Amanda Knox na Netflix
Quando descobri o caso da Amanda Knox, foi algures em 2009, porque vi uma notícia sobre um dos julgamentos. Lembro-me de na altura ter ficado perplexa e toca a mergulhar no incrível mundo da Internet a absorver, a colher, a mastigar e a reler mil informações e comentários. O caso é macabro e bem sensacionalista, eu sei, mas na altura acho que mexeu muito comigo, porque no ano anterior estava eu a fazer Erasmus e no naquele momento, estava a estagiar e a fazer o papel inverso, a receber Erasmus. A ideia de que um período, tão feliz para mim, se pudesse converter num show de horrores, impactou-me verdadeiramente.

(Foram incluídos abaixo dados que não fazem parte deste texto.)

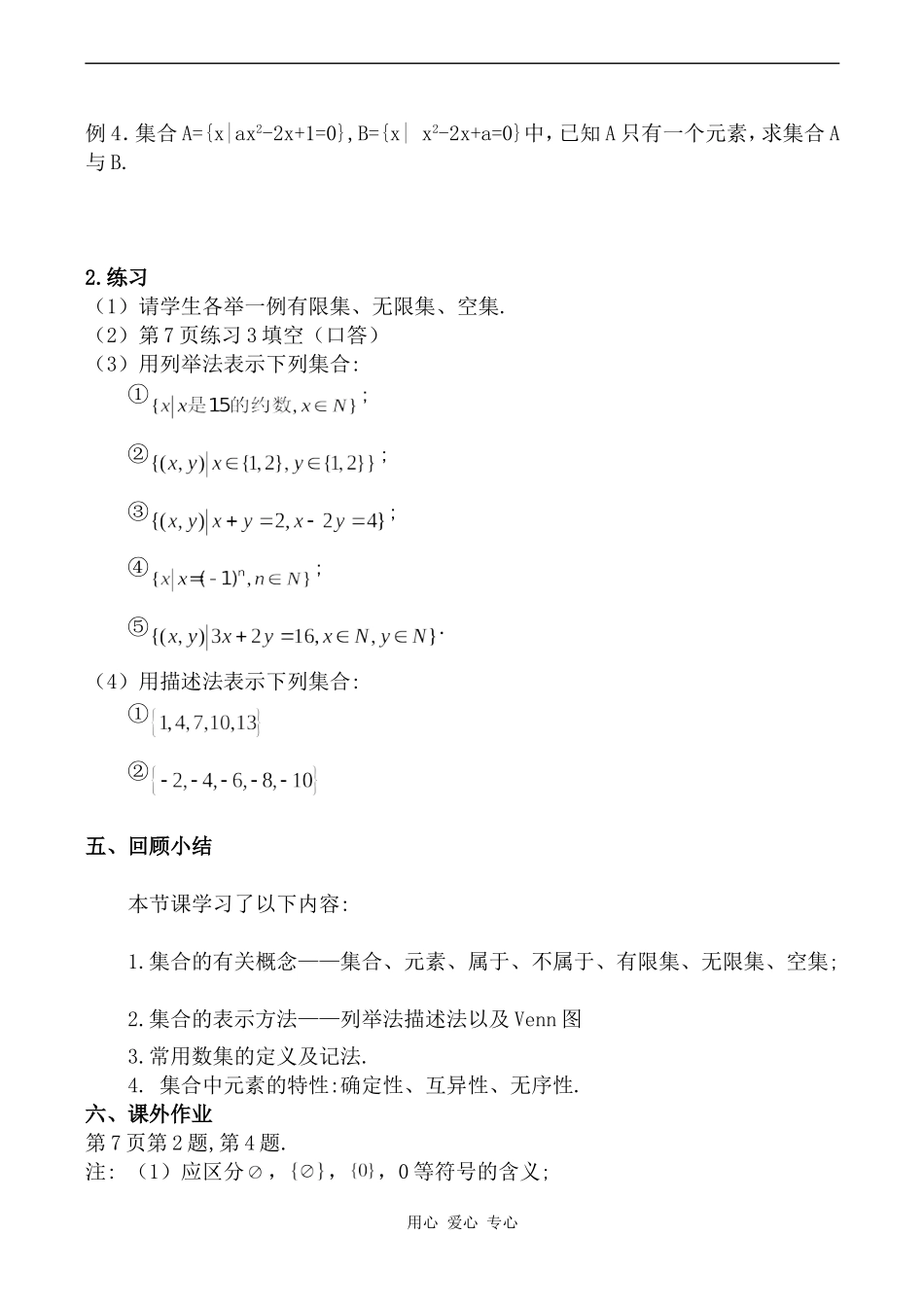 高中数学集合的含义及其表示苏教版必修一_第2页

Para quem não sabe, Amanda Knox é uma norte-americana, que aos 20 anos foi fazer um intercâmbio na Itália, tipo Erasmus. Ela partilhava casa com uma estudante inglesa, Meredith Kercher. Meredith acabou morta de forma brutal e o corpo foi encontrado no quarto dela. O alarme foi dado por Amanda Knox e pelo namorado italiano, que mais tarde passaram a suspeitos de assassinato, tendo sido, inclusive considerados culpados em 2007 e tendo chegado a cumprir os primeiros anos pena. Depois de vários apelos, foram libertados, porque o tribunal considerou que as provas forenses tinham erros graves. Pelo meio, um traficante da Costa de Marfim, Rudy Guede, foi e continua preso e outro homem, que chegou a ser indevidamente acusado por Knox, que era afinal inocente. Para mais detalhes leiam AQUI, porque todo o processo é uma verdadeira telenovela.

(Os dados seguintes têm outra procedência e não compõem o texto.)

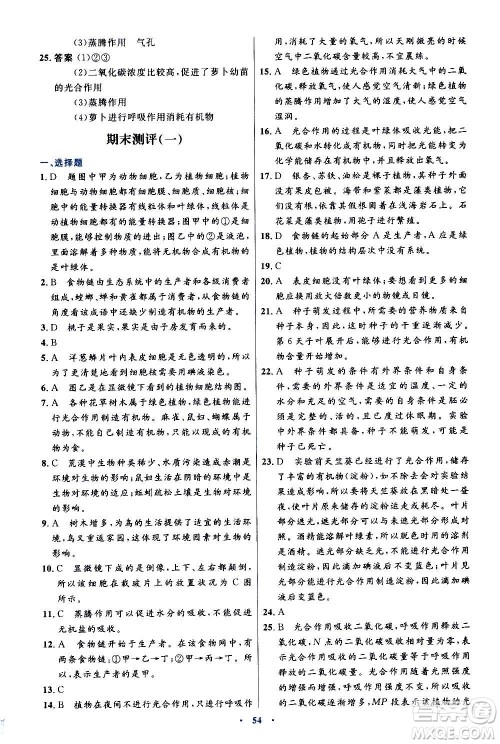 人民教育出版社2020初中同步测控优化设计生物学七年级上册人教版答案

Apesar do horror do homicídio, o que tornou o caso tão mediático era toda a atenção dada a Knox: branca, bonita e empática. Escrutinou-se ao mínimo a sua vida, inclusive as relações sexuais, o que vestia, os locais que frequentava, etc. O diário dela chegou à imprensa. Discutia-se porque sorria, porque usava maquilhagem, por isto e por aquilo. Exploraram-se e seguramente inventaram-se vários detalhes detalhes sórdidos sobre o caso, com historias de orgias, sexo louco, sadomasoquismo, drogas e o diabo a sete!
A Netflix lançou há pouco tempo, um documentário, onde alguns dos envolvidos falam o caso: um jornalista, o policia, Amanda e o, agora, ex-namorado, em separado, tecem as suas considerações sobre o caso e a contam o seu lado da historia, para a camera. Sem grandes produções ou cenários. Tudo muito cru. Os autores deram espaço a estas pessoas para falar sobre elas. O que me continua a surpreender é o pouco que se fala da vítima, de Meredith.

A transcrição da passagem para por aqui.